Re: LIST-LENGTH & circular lists Sergei Egorov (19 Feb 1999 20:23 UTC)
The type-name prefix convention and LIST-... Olin Shivers (20 Feb 1999 00:22 UTC)

The type-name prefix convention and LIST-... Olin Shivers 20 Feb 1999 00:25 UTC

   From: "Sergei Egorov" <xxxxxx@informaxinc.com>
   Date: Fri, 19 Feb 1999 15:22:43 -0500

   Does this proposal imply that (LENGTH "abc") and (LENGTH '#(a b c)) return
   0? If it does, it will conflict with probably more 'natural' attempts to
   generalize LENGTH to accept other kinds of sequences. Calling it
   LIST-LENGTH does not affect existing programs and does not introduce any
   potential conflicts.

You can't fix this issue by simply changing the name LENGTH to LIST-LENGTH,
because it is pervasive throughout list-lib. You would have to change the
names of all these procedures:
   first second third fourth fifth sixth seventh eighth ninth tenth
   take drop take! drop! last (times 2, most likely, if we split these l/r)
   zip unzip2 unzip3 unzip4 unzip5
   append! reverse-append reverse-append!
   unfold unfold/tail foldl foldr reducel reducer
   append-map append-map! map! filter-map map-in-order
   filter  partition  remove
   filter! partition! remove!
   find any every
   del  delq  delv  delete
   del! delq! delv! delete!
   mem ass
   delq-duplicates  delv-duplicates  delete-duplicates  del-duplicates
   delq-duplicates! delv-duplicates! delete-duplicates! del-duplicates!
   reverse!
   append reverse
   member memq memv assoc assq assv
   map for-each

Any future generalisation of these functions to some sort of "sequence generic"
functions or OO messages will have to postulate an alternate module binding
these names to the generic functions/messages. I'd suggest that such a spec
would come in two parts: a spec for the new library, and a spec giving an
alternate set of bindings for the list-lib procs.
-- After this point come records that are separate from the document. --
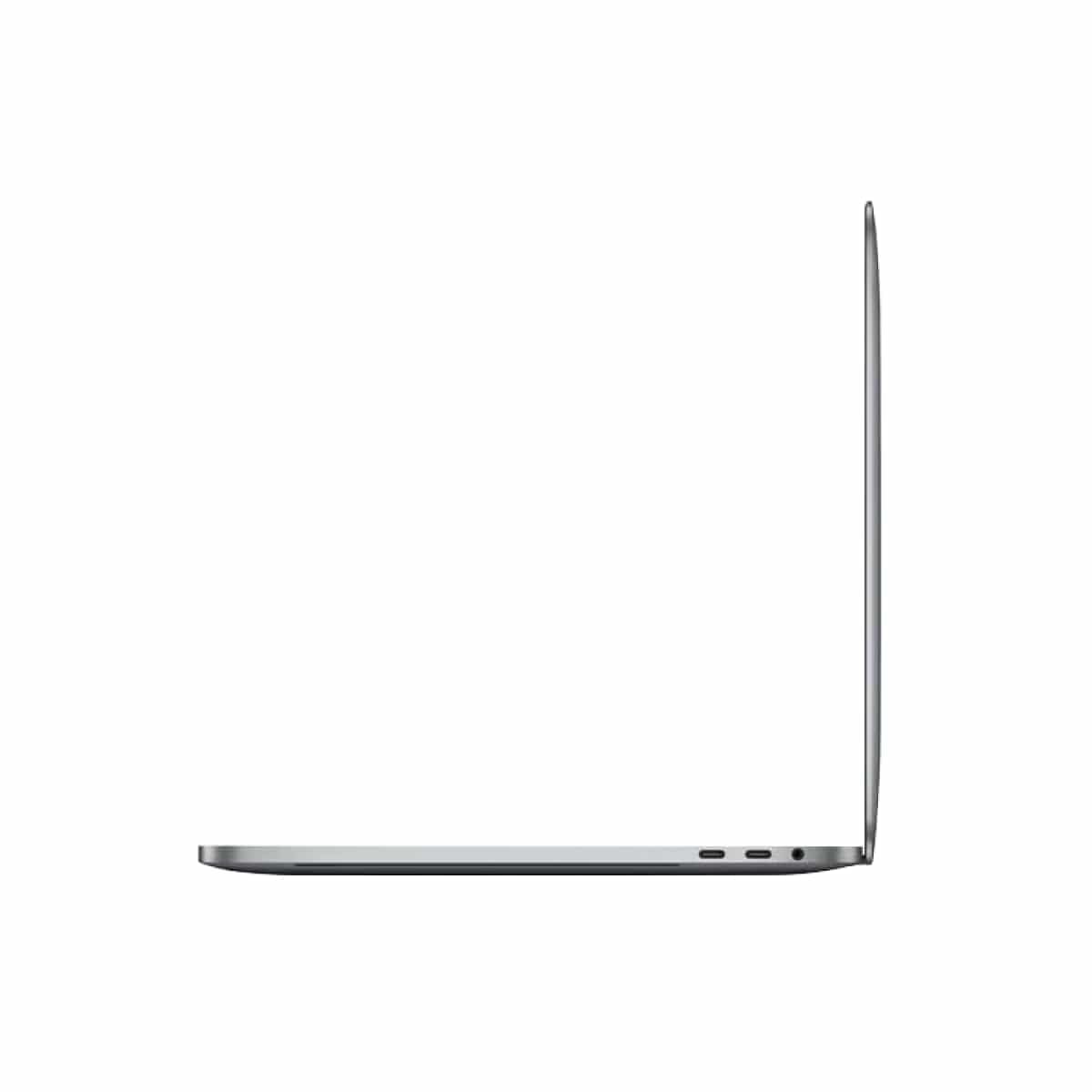 Apple 15
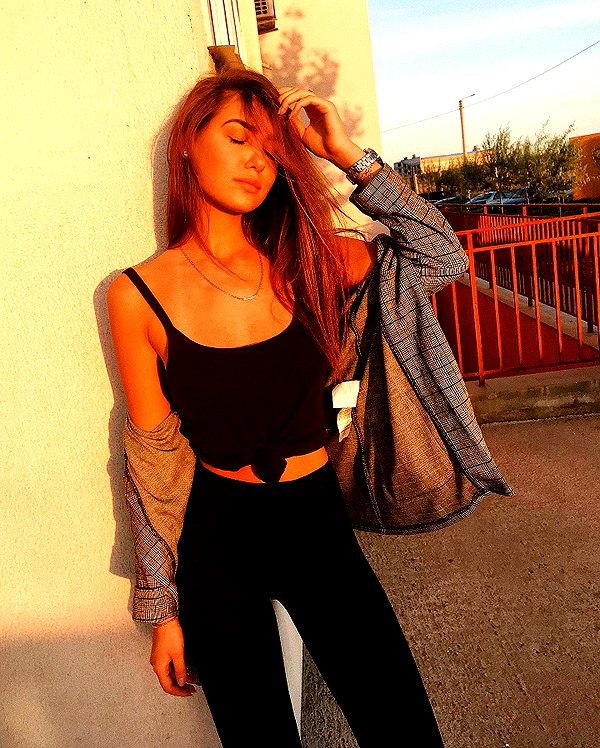 tori_t96 instagram image archive image
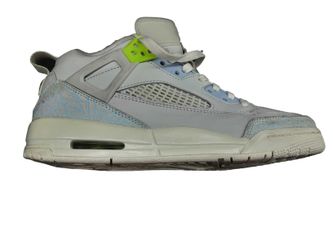 Jordan Ib4465-025 Gray
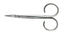 Rubis Scissors
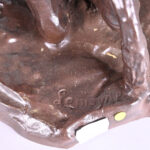 642451453-6.jpg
But this is really outside the bounds of this SRFI. I'm not willing to
pervasively tack "LIST-" onto the front of all these names; it would lard
up the names too much and would also break with current code practice in
what seems to me to be gratuitous fashion.

   Even with LIST-LENGTH, I still think that the proposed terminology shift
   is not justified in general LISP/Scheme context. The fact that
   (LIST-LENGTH 5) returns 0 makes you expect (LIST? 5) to return #t
   etc. What was wrong with IMPROPER-LIST?

Yes, this is a good point. If you have the notion that everything is a list,
then any procedure named LIST? that isn't (LAMBDA (X) #t) is probably going
to cause some confusion. This is exactly why my "Everything is a list"
msg proposed these three predicates, which *aren't* misleading in this
context:
    circular-list? x -> boolean
    proper-list? x -> boolean
    dotted-list? x -> boolean

IMPROPER-LIST? is a perfectly fine thing. It's either of these:
    (conjunction circular-list? dotted-list?)
    (negate proper-list?)
Given that PROPER-LIST? exists, is it important to define IMPROPER-LIST?

Just to reiterate, I am now proposing to punt LIST? for exactly this reason,
in favor of PROPER-LIST?, CIRCULAR-LIST?, DOTTED-LIST?.